__What the exercise asks__:
The stretch wanted below opens at the line containing "Kreativ För De" and closes at the line containing "TheraBreath PLUS Power". Please return it exactly, with no other lines.

__Caption-style text data__:

╔══

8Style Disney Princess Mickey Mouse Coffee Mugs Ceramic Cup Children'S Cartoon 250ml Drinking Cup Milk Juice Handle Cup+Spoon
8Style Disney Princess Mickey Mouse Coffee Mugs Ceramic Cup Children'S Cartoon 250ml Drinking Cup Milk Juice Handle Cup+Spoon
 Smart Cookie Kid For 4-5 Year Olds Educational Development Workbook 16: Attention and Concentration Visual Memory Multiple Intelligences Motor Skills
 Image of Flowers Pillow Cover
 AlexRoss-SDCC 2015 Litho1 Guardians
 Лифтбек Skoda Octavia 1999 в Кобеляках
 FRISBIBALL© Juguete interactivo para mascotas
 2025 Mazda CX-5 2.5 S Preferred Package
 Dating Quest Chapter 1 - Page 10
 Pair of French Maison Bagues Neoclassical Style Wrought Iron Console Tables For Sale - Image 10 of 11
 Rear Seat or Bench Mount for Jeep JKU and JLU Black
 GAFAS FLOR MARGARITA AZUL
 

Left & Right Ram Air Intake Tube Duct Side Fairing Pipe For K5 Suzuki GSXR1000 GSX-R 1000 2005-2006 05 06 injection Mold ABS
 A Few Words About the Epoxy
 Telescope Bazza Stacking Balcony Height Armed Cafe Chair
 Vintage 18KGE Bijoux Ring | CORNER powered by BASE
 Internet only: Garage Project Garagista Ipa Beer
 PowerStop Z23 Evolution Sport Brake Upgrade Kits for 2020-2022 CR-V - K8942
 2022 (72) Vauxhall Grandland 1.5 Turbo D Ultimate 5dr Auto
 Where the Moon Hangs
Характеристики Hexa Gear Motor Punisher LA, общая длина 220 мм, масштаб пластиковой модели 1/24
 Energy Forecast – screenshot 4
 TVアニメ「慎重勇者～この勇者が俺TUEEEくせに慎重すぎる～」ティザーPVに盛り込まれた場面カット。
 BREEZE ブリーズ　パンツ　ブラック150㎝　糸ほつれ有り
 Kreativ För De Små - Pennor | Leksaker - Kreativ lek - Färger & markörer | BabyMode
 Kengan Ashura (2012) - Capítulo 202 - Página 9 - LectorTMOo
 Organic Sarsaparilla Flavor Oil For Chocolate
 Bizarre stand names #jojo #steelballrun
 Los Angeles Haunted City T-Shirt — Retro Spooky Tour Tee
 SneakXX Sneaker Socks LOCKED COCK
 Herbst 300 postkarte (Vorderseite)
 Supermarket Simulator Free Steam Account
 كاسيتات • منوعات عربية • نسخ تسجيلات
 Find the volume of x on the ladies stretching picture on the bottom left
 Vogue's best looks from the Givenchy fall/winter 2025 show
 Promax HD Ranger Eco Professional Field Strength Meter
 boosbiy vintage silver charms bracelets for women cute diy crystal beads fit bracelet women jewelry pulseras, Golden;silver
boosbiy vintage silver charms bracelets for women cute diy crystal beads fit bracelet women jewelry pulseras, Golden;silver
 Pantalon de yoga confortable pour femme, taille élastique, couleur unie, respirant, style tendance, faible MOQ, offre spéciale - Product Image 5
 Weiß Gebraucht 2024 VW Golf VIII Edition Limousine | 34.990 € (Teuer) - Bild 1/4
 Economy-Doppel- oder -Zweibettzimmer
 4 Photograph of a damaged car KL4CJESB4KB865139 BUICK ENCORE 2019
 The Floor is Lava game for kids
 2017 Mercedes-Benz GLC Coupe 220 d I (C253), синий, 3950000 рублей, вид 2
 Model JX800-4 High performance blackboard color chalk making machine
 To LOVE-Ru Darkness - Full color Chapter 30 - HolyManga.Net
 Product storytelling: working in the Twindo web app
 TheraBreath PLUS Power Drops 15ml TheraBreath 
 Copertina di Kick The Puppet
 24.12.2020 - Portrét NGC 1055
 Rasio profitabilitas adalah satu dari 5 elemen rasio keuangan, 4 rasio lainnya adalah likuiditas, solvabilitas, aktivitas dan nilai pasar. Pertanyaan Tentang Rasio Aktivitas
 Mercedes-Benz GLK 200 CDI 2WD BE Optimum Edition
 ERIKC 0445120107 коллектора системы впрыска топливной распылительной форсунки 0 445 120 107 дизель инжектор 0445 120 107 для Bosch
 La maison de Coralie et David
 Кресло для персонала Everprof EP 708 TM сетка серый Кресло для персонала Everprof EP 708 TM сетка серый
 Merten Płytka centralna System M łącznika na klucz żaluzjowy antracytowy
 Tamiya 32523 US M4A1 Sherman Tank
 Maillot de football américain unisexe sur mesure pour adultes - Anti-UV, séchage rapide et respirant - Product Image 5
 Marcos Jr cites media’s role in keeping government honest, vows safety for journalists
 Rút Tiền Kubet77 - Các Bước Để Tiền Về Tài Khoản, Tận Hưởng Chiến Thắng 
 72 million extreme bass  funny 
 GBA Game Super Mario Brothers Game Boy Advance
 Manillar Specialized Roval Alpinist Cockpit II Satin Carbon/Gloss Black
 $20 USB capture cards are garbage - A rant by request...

╚══

__Solution to this problem__:
 Kreativ För De Små - Pennor | Leksaker - Kreativ lek - Färger & markörer | BabyMode
 Kengan Ashura (2012) - Capítulo 202 - Página 9 - LectorTMOo
 Organic Sarsaparilla Flavor Oil For Chocolate
 Bizarre stand names #jojo #steelballrun
 Los Angeles Haunted City T-Shirt — Retro Spooky Tour Tee
 SneakXX Sneaker Socks LOCKED COCK
 Herbst 300 postkarte (Vorderseite)
 Supermarket Simulator Free Steam Account
 كاسيتات • منوعات عربية • نسخ تسجيلات
 Find the volume of x on the ladies stretching picture on the bottom left
 Vogue's best looks from the Givenchy fall/winter 2025 show
 Promax HD Ranger Eco Professional Field Strength Meter
 boosbiy vintage silver charms bracelets for women cute diy crystal beads fit bracelet women jewelry pulseras, Golden;silver
boosbiy vintage silver charms bracelets for women cute diy crystal beads fit bracelet women jewelry pulseras, Golden;silver
 Pantalon de yoga confortable pour femme, taille élastique, couleur unie, respirant, style tendance, faible MOQ, offre spéciale - Product Image 5
 Weiß Gebraucht 2024 VW Golf VIII Edition Limousine | 34.990 € (Teuer) - Bild 1/4
 Economy-Doppel- oder -Zweibettzimmer
 4 Photograph of a damaged car KL4CJESB4KB865139 BUICK ENCORE 2019
 The Floor is Lava game for kids
 2017 Mercedes-Benz GLC Coupe 220 d I (C253), синий, 3950000 рублей, вид 2
 Model JX800-4 High performance blackboard color chalk making machine
 To LOVE-Ru Darkness - Full color Chapter 30 - HolyManga.Net
 Product storytelling: working in the Twindo web app
 TheraBreath PLUS Power Drops 15ml TheraBreath 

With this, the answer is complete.